SWAZI DRUG SHORTAGE CRISIS DEEPENS



Parliamentarians in Swaziland have given the government seven days to sort out the drugs shortage crisis crippling public health facilities in the kingdom.

E236 million (US$18 million) is reportedly owed and drug companies have suspended delivery of medicines until bills are paid.

The House of Assembly debated the crisis on Thursday (18 May 2017) and agreed a motion compelling Minister for Health Sibongile Simelane to ensure the availability of drugs in hospitals within seven days.

The Swazi Observer reported members of parliament wanted to know what had happened to the E1 billion allocated to health in the national budget in February 2017. ‘They wanted to know if the money they passed was real money or it was just numbers,’ the newspaper reported.

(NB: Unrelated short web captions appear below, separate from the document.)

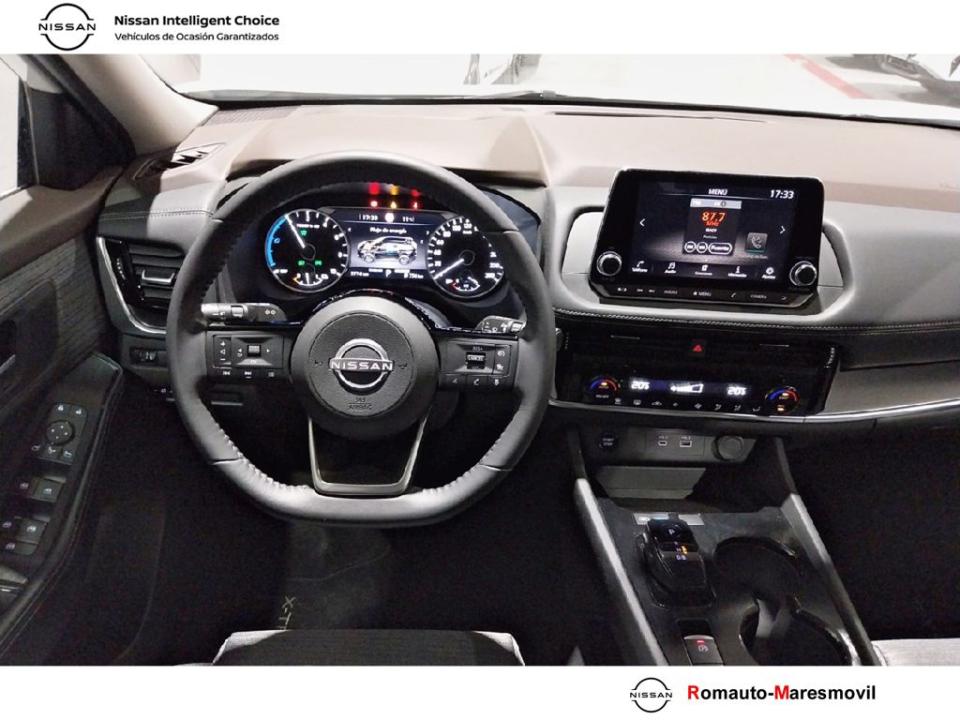 imagen swiper vehículo 7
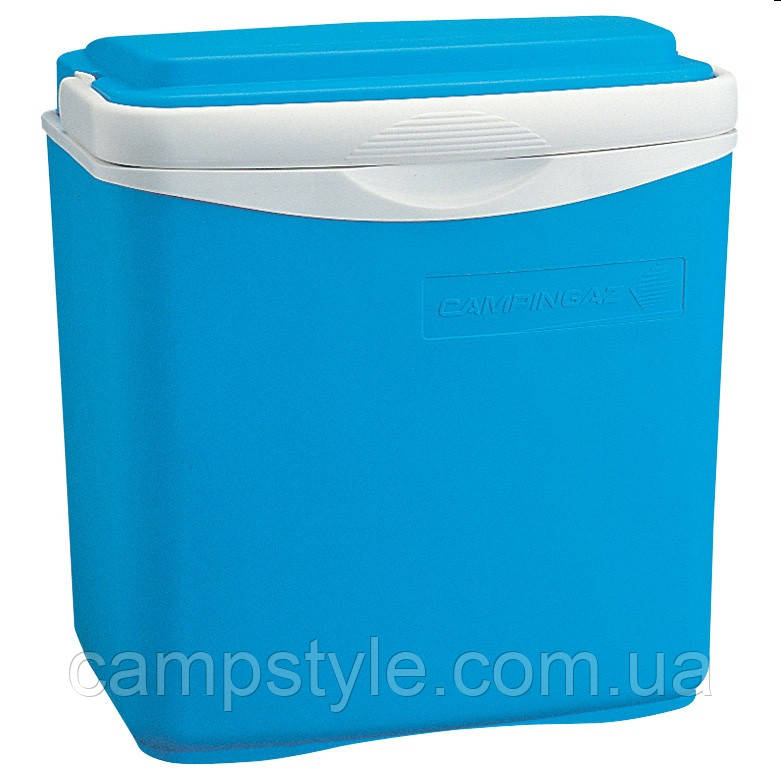 Термобокс Icetime Cooler 26L Campingaz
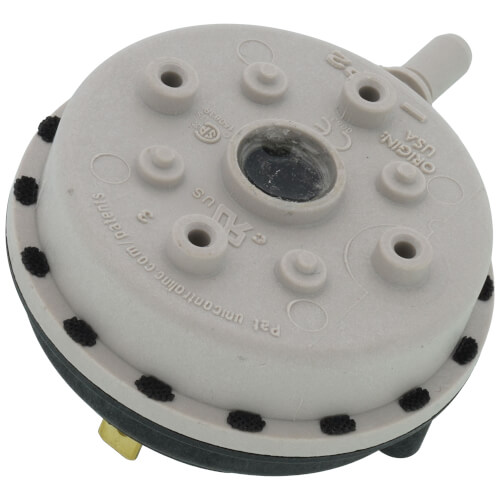 Main product image of Pressure Switch, NS2-1306-01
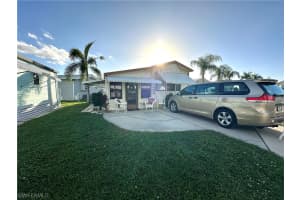 4531 Lincoln Lane, ESTERO, FL 33928 Sold 02/29/24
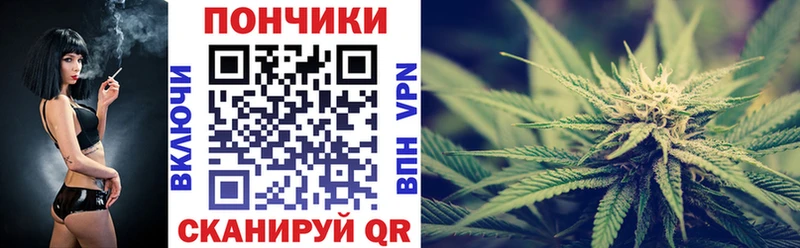 где продают   Дигора  Канабис AK-47 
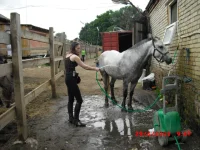 CIMG0066.webp
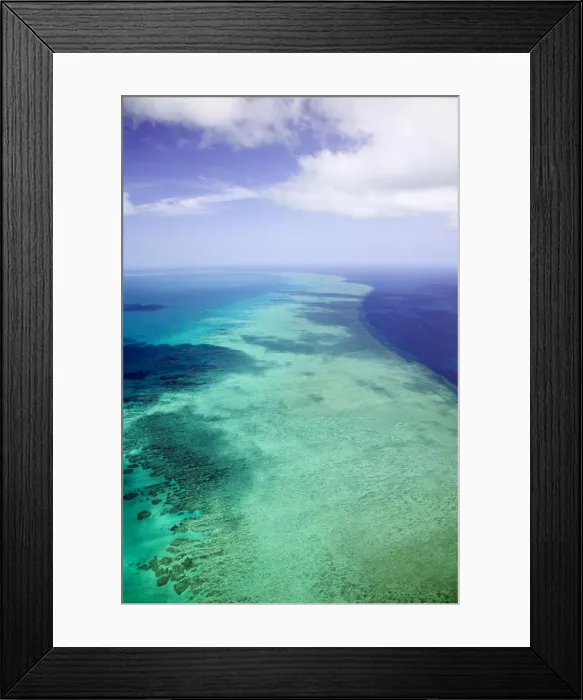 Framed Print : DDE-90026291 Framed Print : DDE-90026291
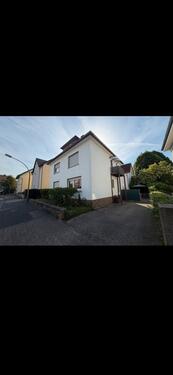 Foto - Mehrfamilienhaus 32791 Lage , 30.000, € Km Jährlich ohne Makler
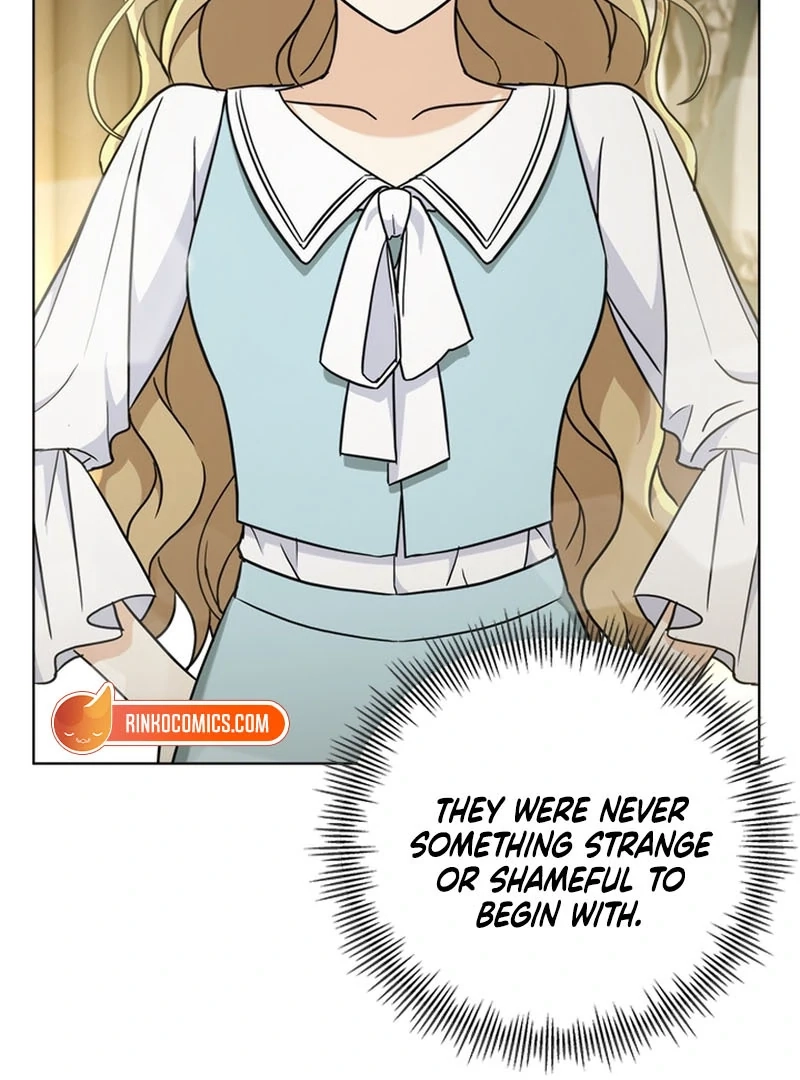 Chapter 18 - Image 9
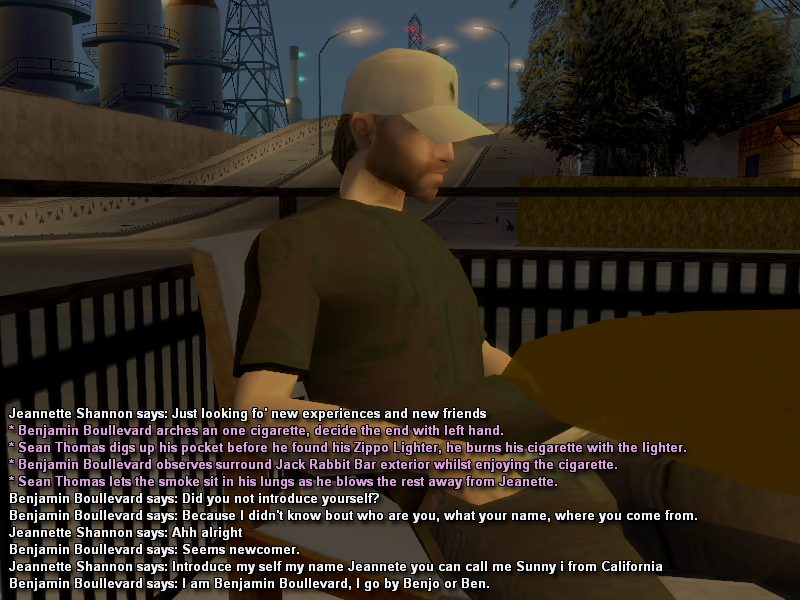 34.png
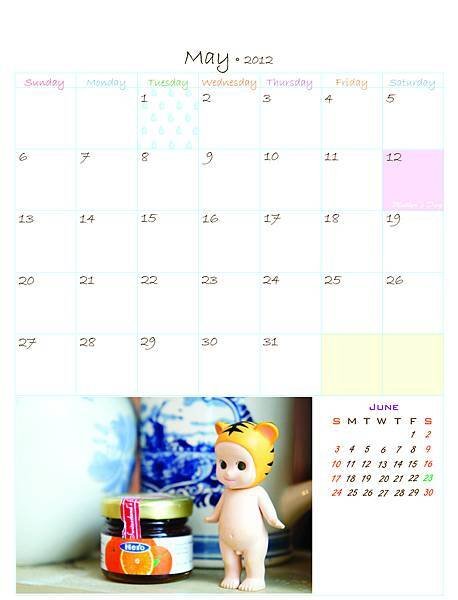 5月拷貝.jpg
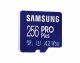 Samsung PRO Plus #3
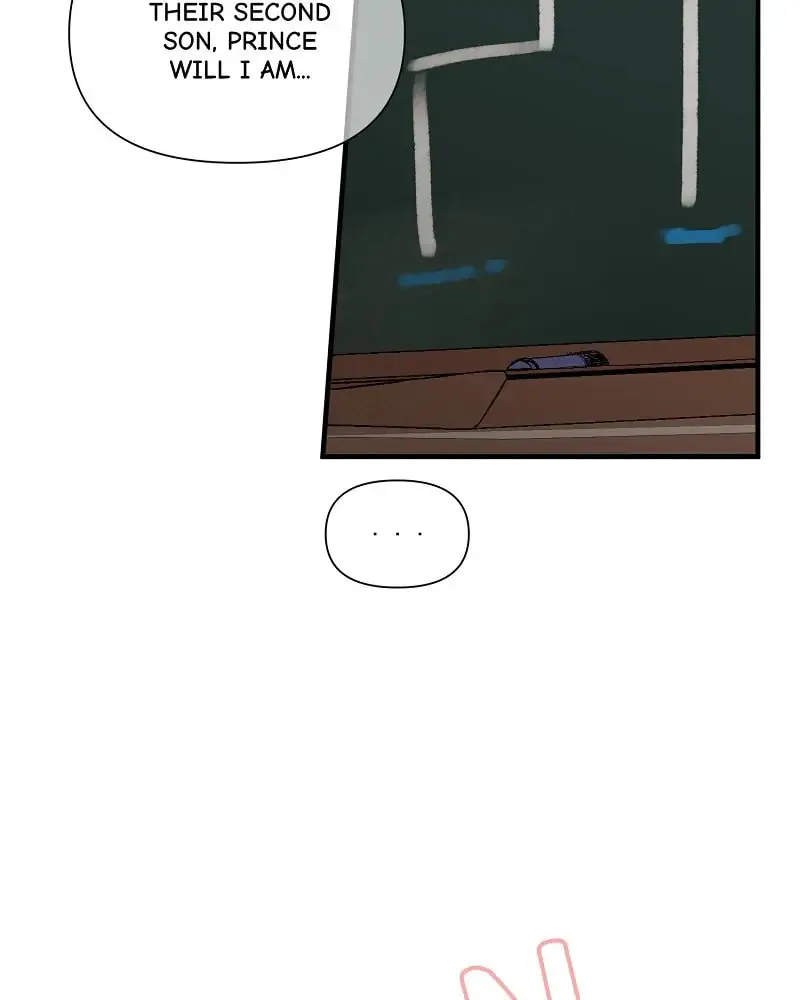 Raising a Dragon Prince Chapter 29 page 30 - 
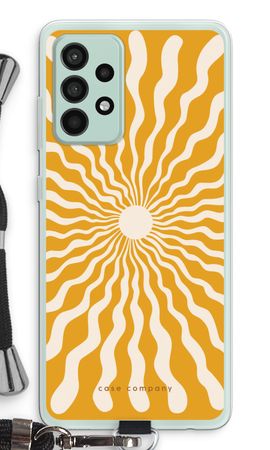 Sunshine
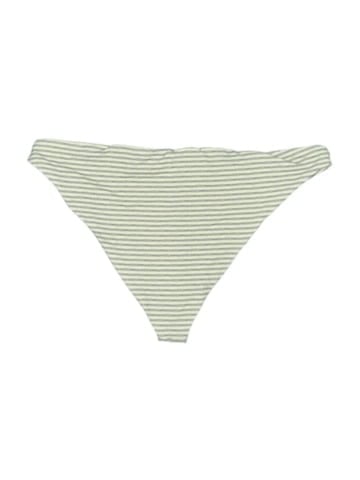 Eberjey Swimsuit Bottoms (view 2)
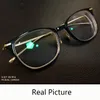 2018 Ultra Thin barato 174 lentes de óculos lentes asféricas de resina verde lente óptica anti radiação Miopia Prescription Custom9950154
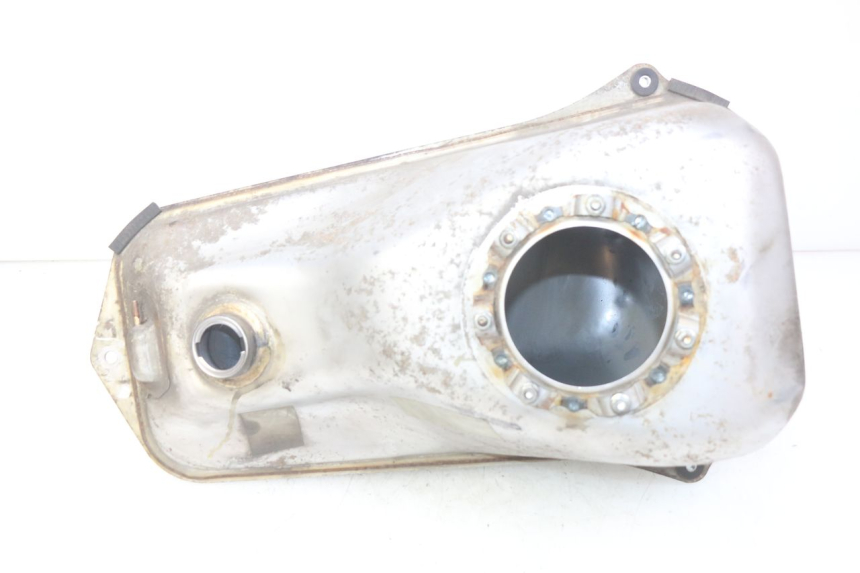 photo de DEPóSITO DE GASOLINA HONDA FJS SILVERWING SILVER WING 400 (2009 - 2016) - Detalle de la pieza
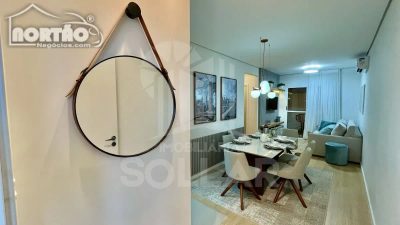 Casa - Foto 4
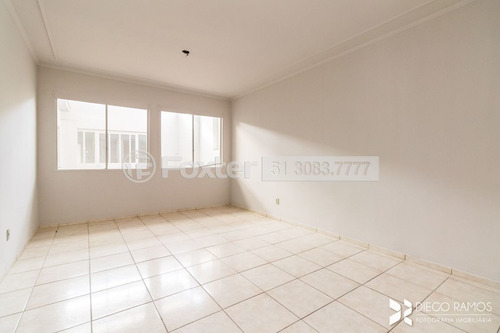 Imagem 11 de 16 de Edifício Inteiro, 400 M², Auxiliadora - 199395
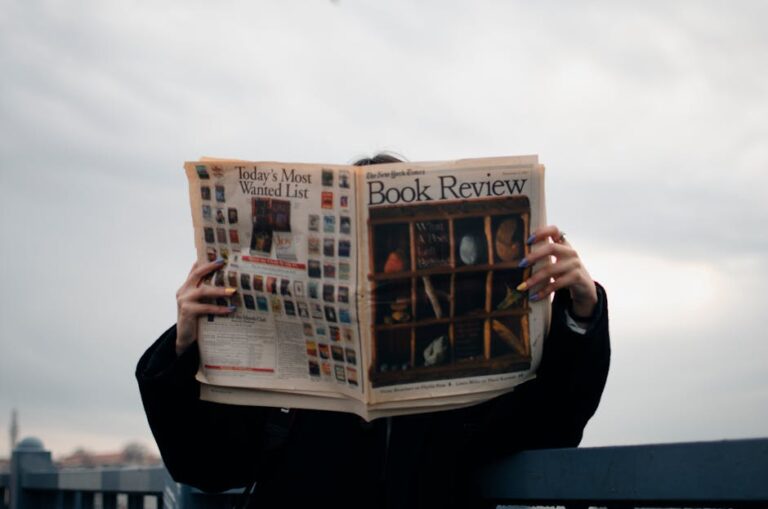 The Matrix explains why updates are important jotechgeeks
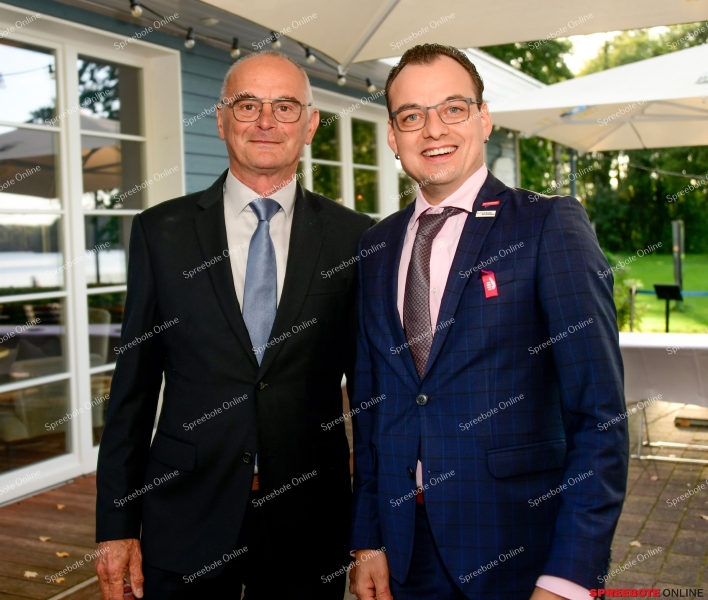 Spreebote-35-Jahre-Kreishandwerkerschaft-005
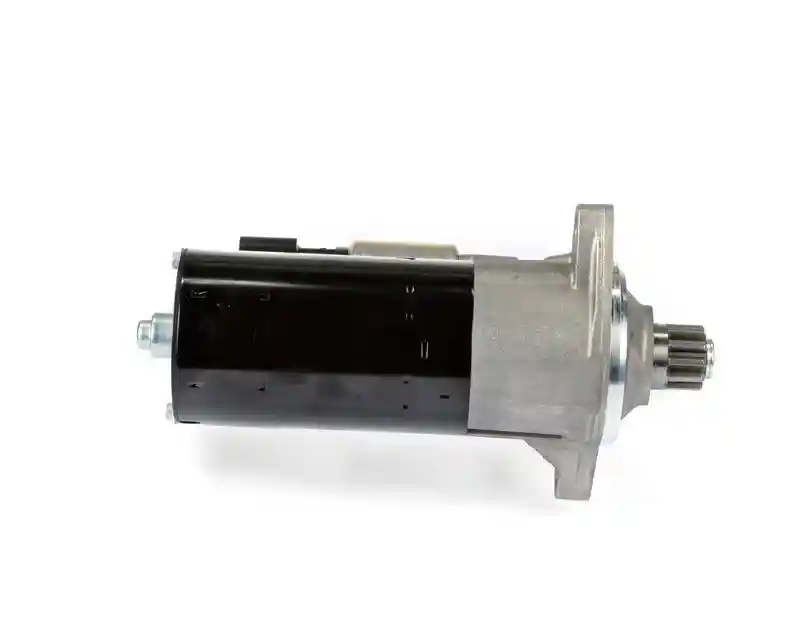 BOSCH 0 001 123 044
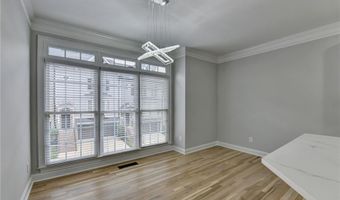 12095 Stone Brook Cv, Alpharetta, GA 30009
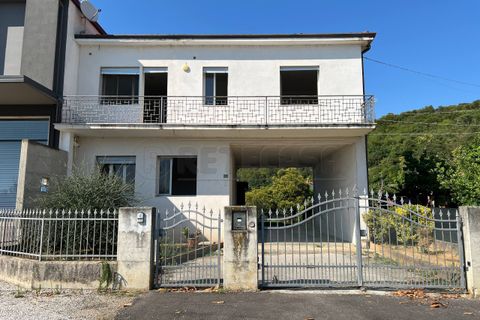 Byhus i Barbarano Mossano, Vicenza, Barbarano Mossano - € 175.000 | Ref: G2619 - foto 16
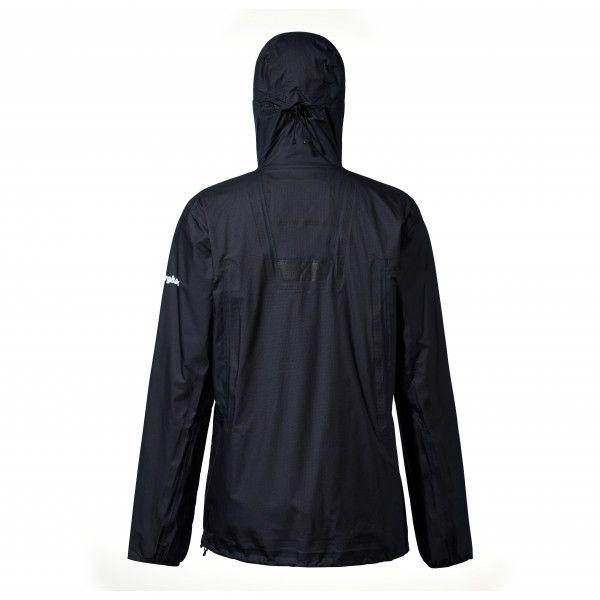 Berghaus - Women's MTN Guide Hyper Alpha Jacket - Regenjacke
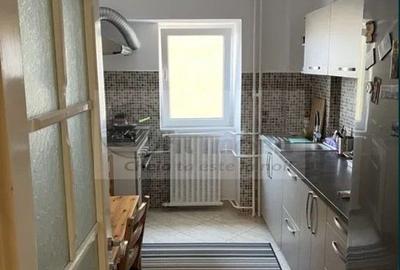 Ap 3 cam, decomandat, 70 mp, Centru-Gara 191000 EUR mobilat si utilat Ap 3 cam, decomandat, 70 mp, Centru-Gara 191000 EUR mobilat si utilat - 3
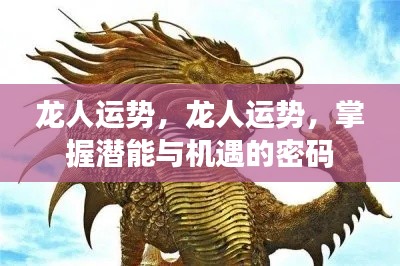 惊弦之鸟 第4页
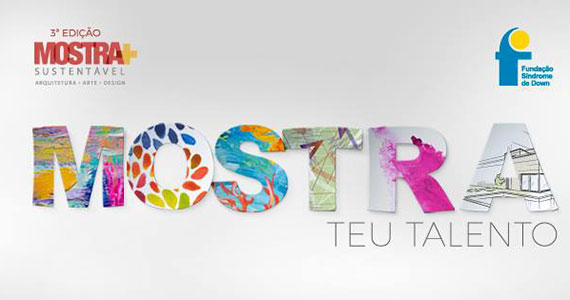 Mostra Sustentável realiza nova edição em Campinas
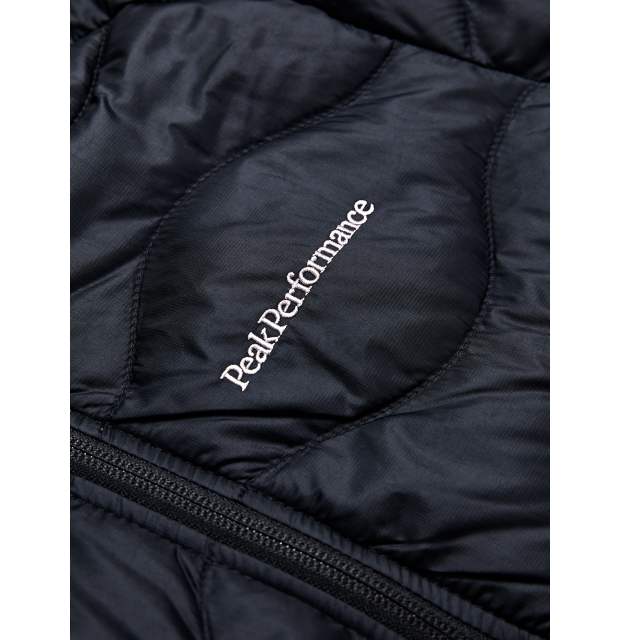 Peak Performance JR Helium Down Hood Jacket_03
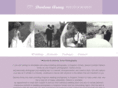 darlenearney.com
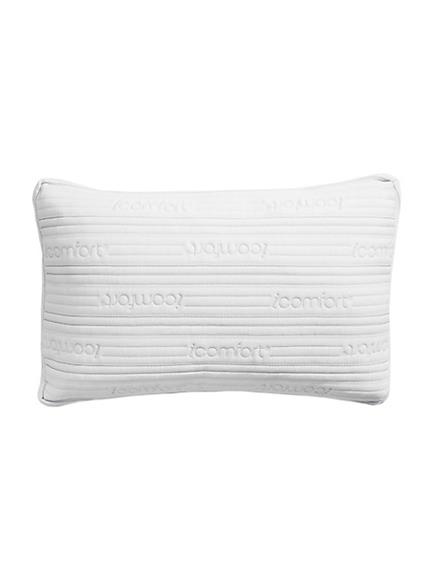 Foam Cushions - Serta All Sleep Position Icomfort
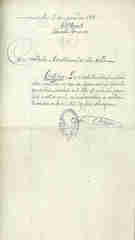 Doc40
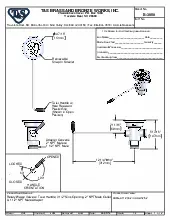 t-s-brass-b-3950specsheet.pdf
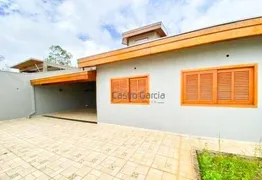 Casa com 3 Quartos à venda, 290m² no Chácara Rodrigues, Americana - Foto 3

The Times of Swaziland reported the House of Assembly, ‘called for the suspension of all other projects while this matter was being sorted, wondering what benefit would be achieved if the country had beautiful roads or buildings yet had a dying nation’. 

Principal Secretary (PS) at the Ministry of Health Dr Simon Zwane had previously told the Swazi parliament Public Accounts Committee (PAC), ‘We have not paid our suppliers.’

Medicines currently unavailable in the kingdom’s health facilities include drugs for sexual transmitted infections, epilepsy, hypertension and diabetes.

Swaziland, where King Mswati III rules as sub-Saharan Africa’s last absolute monarch, came last in a study of the healthiest nations in the world in 2015.

It came bottom out of 145 countries in the World’s Healthiest Countries report published by Bloomberg. Data for the report was compiled from the United Nations, the World Bank and the World Health Organisation.

The Bloomberg rankings gave each country with a population of 1 million or more a health score and a health-risk score.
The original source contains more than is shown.